Forget communal tables and allocated seating: it's all about how you deign to dine when you're all at sea. Crystal Cruises is one of many saying "no" to long buffet counters, replacing them with "food islands" and more tables for two. Private dining is also on the rise, with Seabourn's large verandahs set up to encourage private alfresco dining while Princess Cruises' newest ship, the Royal Princess, features a new Chef's Table Lumiere, sectioned off by a curtain of light around a glass table in one of its dining rooms.

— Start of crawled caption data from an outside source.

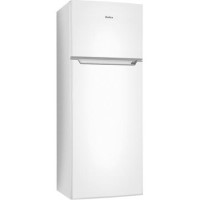 GRADE A2 - Amica FD2303 206 Litre Freestanding Fridge Freezer 80/20 Split A+ Energy Rating 54.6cm Wide - White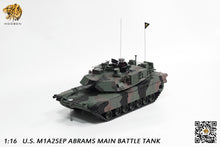 Load image into Gallery viewer, Hooben 1/16 American M1A2 Abrams Main Battle Tank 6601F
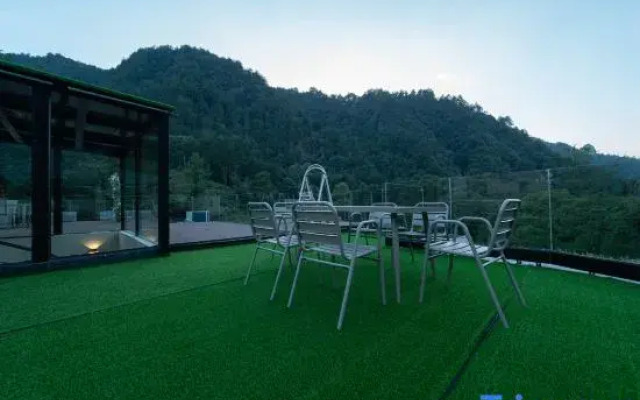 Zhangjiajie Shanyan Liangyu Homestay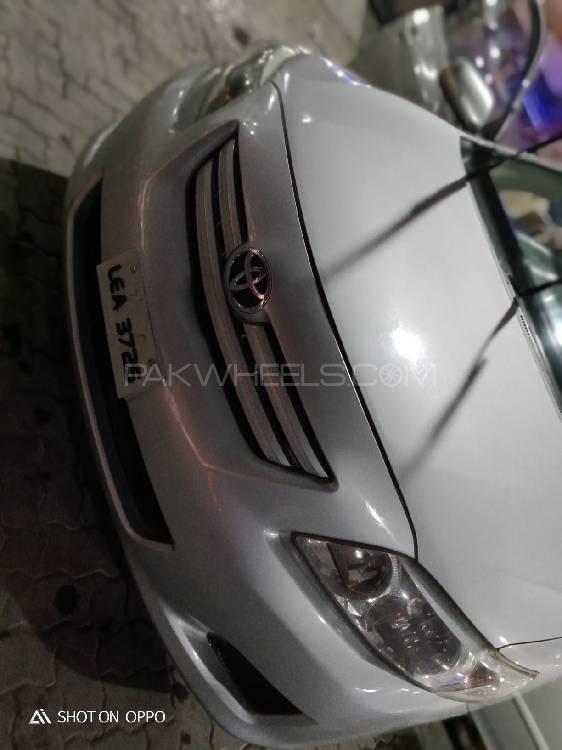 Toyota Corolla 2008 for Sale in Islamabad Toyota Corolla 2008 for Sale in Islamabad Image-19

On-board spas are larger and more glamorous, with more facilities and treatments. Expect couples retreats, cabanas, indoor-outdoor spaces and capitalisation on those ocean views. The Seabourn small ships' spas top the range, coming in at more than 1000 square metres, with thermal suites, herbal baths and walk pools. Its four new penthouse spa suites are connected to the main spa by a dramatic spiral staircase and come with a spa concierge, because we all need a spa concierge.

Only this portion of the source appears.